To see how this package may help you, let’s first consider a simple example, that is, to compute the sum of squared difference between two vectors. This can be easily done in Julia in one line as follows

r = sum(abs2(x - y))

Whereas this is simple, this expression involves some unnecessary operations that would lead to suboptimal performance: (1) it creates two temporary arrays respectively to store x - y and abs(x - y), (2) it completes the computation through three passes over the data – computing x - y, computing abs2(x - y), and finally computing the sum. Julia provides a mapreduce function which allows you to complete the operation in a single pass without creating any temporaries:

r = mapreduce((x, y) -> abs2(x - y), +, x, y)

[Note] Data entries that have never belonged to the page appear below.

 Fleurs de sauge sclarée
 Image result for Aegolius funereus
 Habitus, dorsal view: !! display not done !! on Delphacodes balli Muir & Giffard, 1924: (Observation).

However, if you really run this you may probably find that this is even slower. The culprit here is that the anonymous function (x, y) -> abs2(x - y) is not inlined; it will be resolved and called at each iteration. Therefore, to compute this efficiently, one has to write loops as below

s = 0.
for i = 1 : length(x)
    s += abs2(x[i] - y[i])
end

This is not too bad though, until you have more complex needs, e.g. computing this along each row/column of the matrix. Then writing the loops can become more involved, and it is more tricky to implement it in a cache-friendly way.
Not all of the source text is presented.